Anyone ever hear of such a protocol????

Yes, I have heard of this.  There’s probably a way around it, though.

There are patients who see a doctor and complain to him/her about the previous doctor.  Before too long they’re not happy with the care they’re receiving from the new guy and move on to someone else, and someone else…  I suspect that after a while doctors get jaded by that.  A doctor who’s already overworked isn’t going to be really happy about investing time and effort into developing a treatment plan for someone, only to have that person leave and go somewhere else complaining about him.

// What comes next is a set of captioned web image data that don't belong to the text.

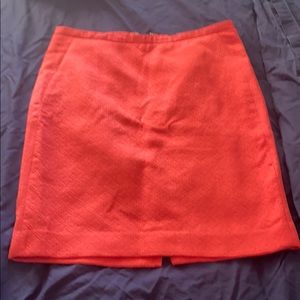 The Limited used pencil skirt size 10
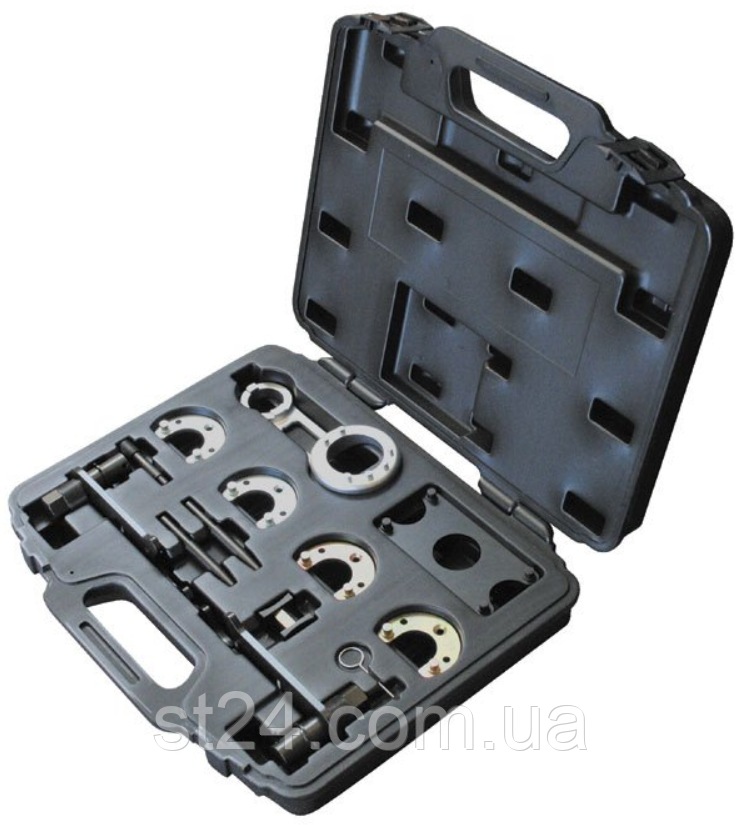 Набір фіксаторів валів ГРМ Land Rover MG ZS MG ZT, ZT-T ASTA A-8143, фото 1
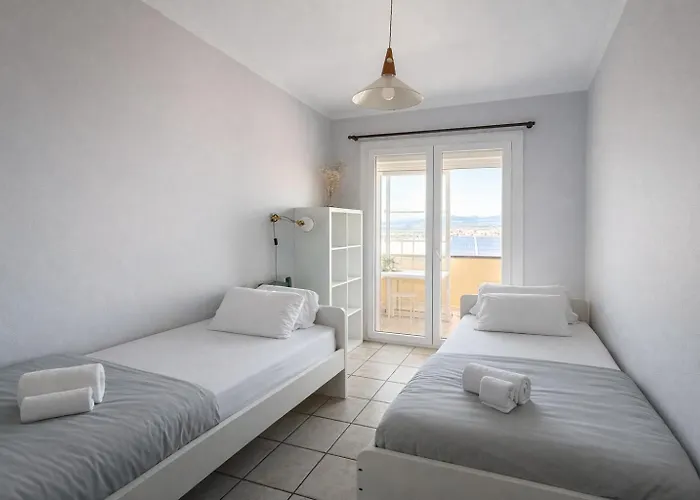 Hostel The Tree House Coliving Ελ Μέντανο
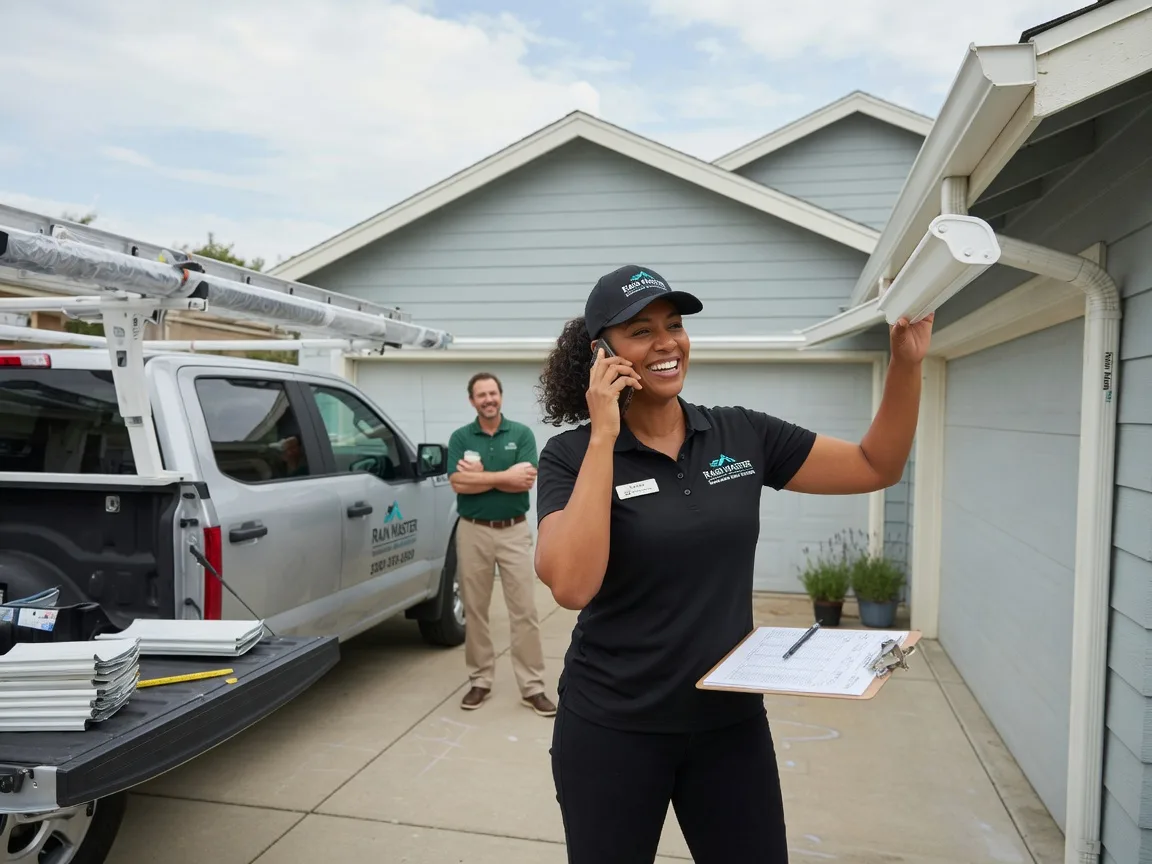 Gutter Installation Waco, GA FAQs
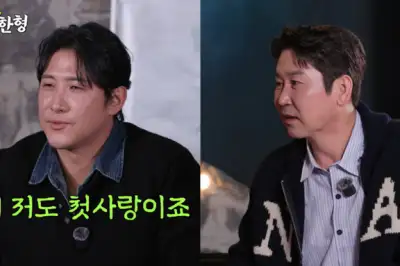 thumbnail - 지연 얘기에 고개 숙인 황재균…“첫사랑이었는데” 한숨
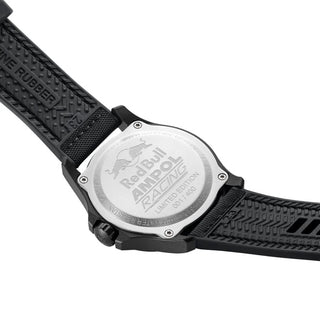 RELÓGIO LUMINOX ATACAMA FIELD 43MM - RED BULL AMPOL (EDIÇÃO LIMITADA) CÓD.1970.ARB
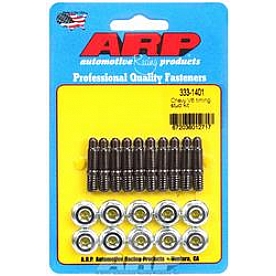 ARP Auto Racing Timing Cover Stud - 333-1401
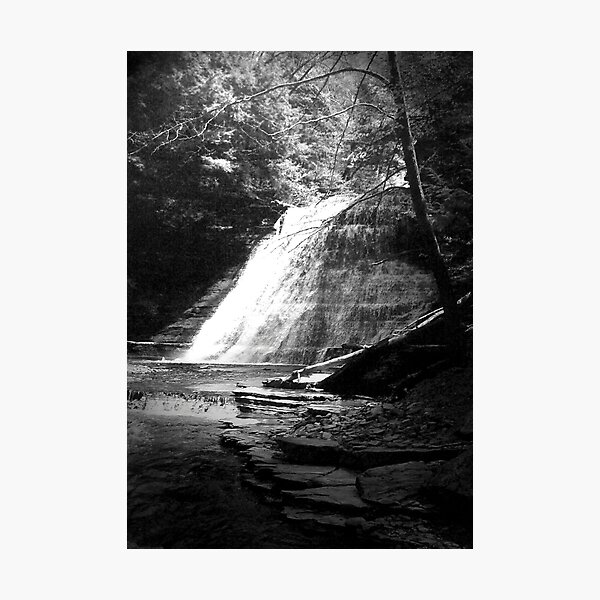 Artikelvorschau, Falls entworfen und verkauft von Laura Jean Taft.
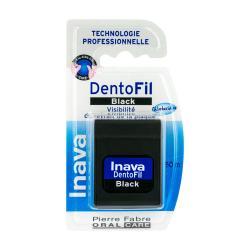 Inava Dentofil Chlorhexidine fil dentaire antibactérien– Paramarket.com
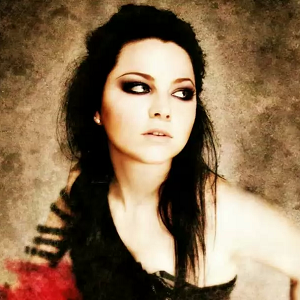 ����� �������� Evanescence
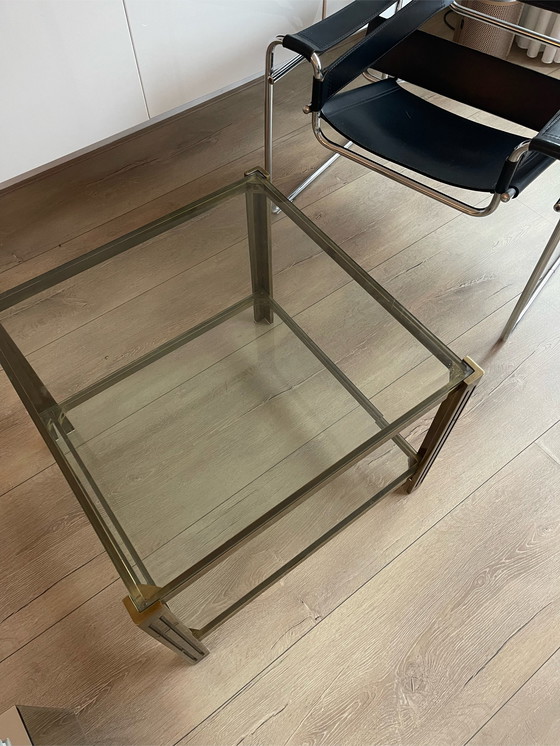 Image 1 of Vintage Salontafel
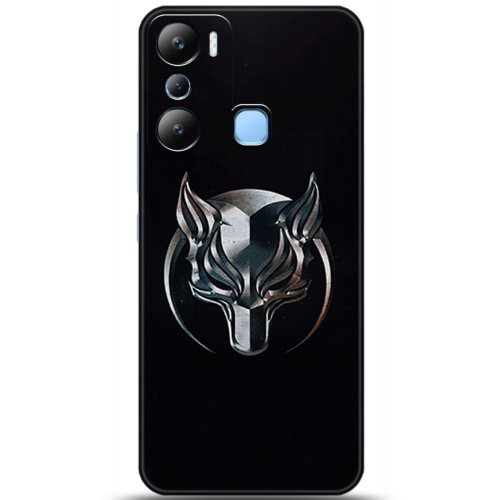 Uyumlu Kılıf HD Baskılı Kılıf - Followed Institution 5135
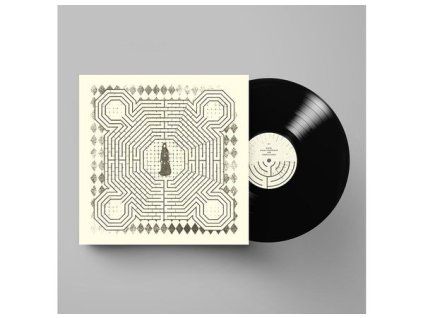 3509708 slowdive everything is alive lp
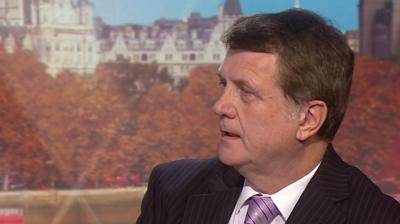 Gerard Batten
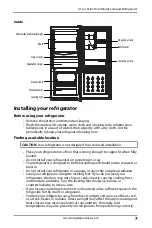 Предварительный просмотр 7 страницы Insignia NS-CFBM41SS1 User Manual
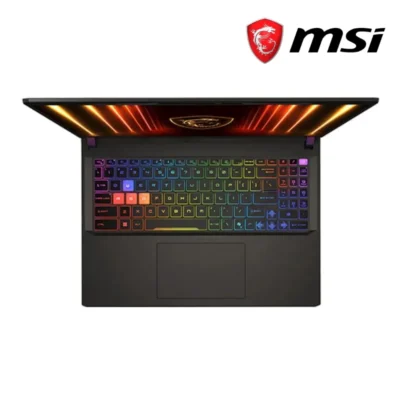 Notebook MSI Vector 16 HX AI A2XWHG-253TH Ultra 7 255HX/16GB/512GB SSD/NVIDIA GeForce RTX 5070 Ti 12GB/16.0″/Win11Home (9S7-15M352-253) 6 Notebook MSI Vector 16 HX AI A2XWHG-253TH Ultra 7 255HX/16GB/512GB SSD/NVIDIA GeForce RTX 5070 Ti 12GB/16.0″/Win11Home (9S7-15M352-253)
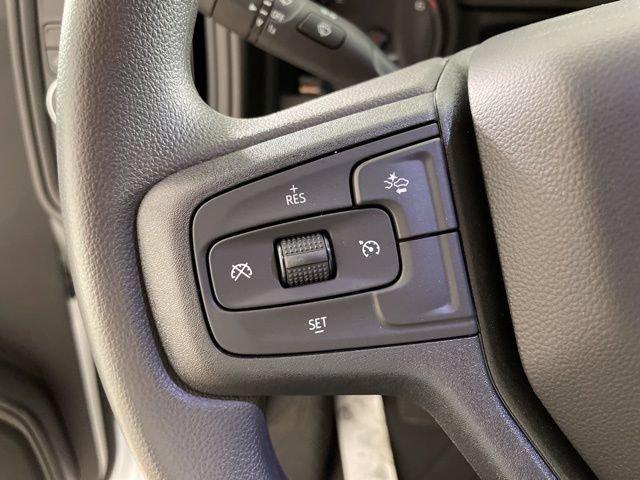 2025 Chevrolet Silverado 1500 Vehicle Photo in PHOENIX, AZ 85014-3381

If it’s not working with your current doctor, something needs to change.  There’s got to be a trick to changing specialists without being one of those guys Dr. Grumpy writes about.  Other doctors blog about this, too, but I can’t think of specific posts right now.

Have you read Doctor D’s post on doctor shopping?  Or his post on doctors who are jerks?  He’s writing about finding primary care, but I think there are still some generalities that can apply to finding and working with a rheumatologist.

If your family practice/internist can’t get you in to a new rheumy, maybe you could go back to your old rheumy (the one you want to get rid of), and be up-front about the fact that it just isn’t working, and you’d like his help getting you in to see a different rheumatologist.  Are you self-referring?  Around here none of the rheumatologists take self-referrals.  Did your primary care doctor write a referral only to have consultants decline?  When I told my PCP that I was thinking of finding a different rheumatologist, he had his referral form out immediately.

Make sure you identify the problem with your old rheumy.  Office in an inconvenient location?  Nurse has B.O.?  Doctor doesn’t listen?  Falsely labeled you a drug-seeker and you’d like a chance to start over with someone new?  Standard of care is X but the doctor is doing Y?  Just bad chemistry?  Doubt the diagnosis?  If you ask either your pcp or your rheumy for help finding a different doctor, be prepared to say why.  Good luck.

Anyone else want to add other suggestions/observations?